> _Dataset extract_:
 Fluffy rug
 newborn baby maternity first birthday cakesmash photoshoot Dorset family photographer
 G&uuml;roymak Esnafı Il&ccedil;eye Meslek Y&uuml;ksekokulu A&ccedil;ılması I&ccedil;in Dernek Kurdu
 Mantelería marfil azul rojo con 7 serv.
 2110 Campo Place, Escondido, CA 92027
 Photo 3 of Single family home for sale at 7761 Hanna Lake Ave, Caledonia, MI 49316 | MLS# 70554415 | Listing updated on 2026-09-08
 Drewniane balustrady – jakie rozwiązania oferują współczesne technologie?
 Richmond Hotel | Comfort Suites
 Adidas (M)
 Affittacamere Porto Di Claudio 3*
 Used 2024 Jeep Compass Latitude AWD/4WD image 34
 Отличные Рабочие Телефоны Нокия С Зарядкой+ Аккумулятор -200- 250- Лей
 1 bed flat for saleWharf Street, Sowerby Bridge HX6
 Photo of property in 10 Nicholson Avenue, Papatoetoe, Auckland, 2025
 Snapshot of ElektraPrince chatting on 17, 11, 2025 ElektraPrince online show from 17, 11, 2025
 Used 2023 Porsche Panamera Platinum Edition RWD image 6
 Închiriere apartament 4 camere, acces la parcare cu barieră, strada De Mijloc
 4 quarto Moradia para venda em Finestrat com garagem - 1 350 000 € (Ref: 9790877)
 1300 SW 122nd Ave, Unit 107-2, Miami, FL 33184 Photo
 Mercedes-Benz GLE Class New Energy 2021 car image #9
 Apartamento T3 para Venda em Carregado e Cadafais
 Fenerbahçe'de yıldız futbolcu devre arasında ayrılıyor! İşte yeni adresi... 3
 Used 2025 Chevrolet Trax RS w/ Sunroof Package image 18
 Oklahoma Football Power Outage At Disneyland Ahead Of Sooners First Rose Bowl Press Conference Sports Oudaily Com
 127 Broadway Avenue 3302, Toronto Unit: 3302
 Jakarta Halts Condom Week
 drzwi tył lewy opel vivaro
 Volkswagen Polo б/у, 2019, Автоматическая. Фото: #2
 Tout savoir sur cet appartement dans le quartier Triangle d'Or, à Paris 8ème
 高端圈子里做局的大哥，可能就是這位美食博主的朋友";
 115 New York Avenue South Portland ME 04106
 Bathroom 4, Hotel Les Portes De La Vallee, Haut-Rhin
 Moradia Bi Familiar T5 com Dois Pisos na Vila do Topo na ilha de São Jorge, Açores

> _Activity_:
When you reach the line that contains "Used 2025 Chevrolet", stop; that line and every line before it, from the very first line of the data, should be restated word for word.

> _Written response_:
 Fluffy rug
 newborn baby maternity first birthday cakesmash photoshoot Dorset family photographer
 G&uuml;roymak Esnafı Il&ccedil;eye Meslek Y&uuml;ksekokulu A&ccedil;ılması I&ccedil;in Dernek Kurdu
 Mantelería marfil azul rojo con 7 serv.
 2110 Campo Place, Escondido, CA 92027
 Photo 3 of Single family home for sale at 7761 Hanna Lake Ave, Caledonia, MI 49316 | MLS# 70554415 | Listing updated on 2026-09-08
 Drewniane balustrady – jakie rozwiązania oferują współczesne technologie?
 Richmond Hotel | Comfort Suites
 Adidas (M)
 Affittacamere Porto Di Claudio 3*
 Used 2024 Jeep Compass Latitude AWD/4WD image 34
 Отличные Рабочие Телефоны Нокия С Зарядкой+ Аккумулятор -200- 250- Лей
 1 bed flat for saleWharf Street, Sowerby Bridge HX6
 Photo of property in 10 Nicholson Avenue, Papatoetoe, Auckland, 2025
 Snapshot of ElektraPrince chatting on 17, 11, 2025 ElektraPrince online show from 17, 11, 2025
 Used 2023 Porsche Panamera Platinum Edition RWD image 6
 Închiriere apartament 4 camere, acces la parcare cu barieră, strada De Mijloc
 4 quarto Moradia para venda em Finestrat com garagem - 1 350 000 € (Ref: 9790877)
 1300 SW 122nd Ave, Unit 107-2, Miami, FL 33184 Photo
 Mercedes-Benz GLE Class New Energy 2021 car image #9
 Apartamento T3 para Venda em Carregado e Cadafais
 Fenerbahçe'de yıldız futbolcu devre arasında ayrılıyor! İşte yeni adresi... 3
 Used 2025 Chevrolet Trax RS w/ Sunroof Package image 18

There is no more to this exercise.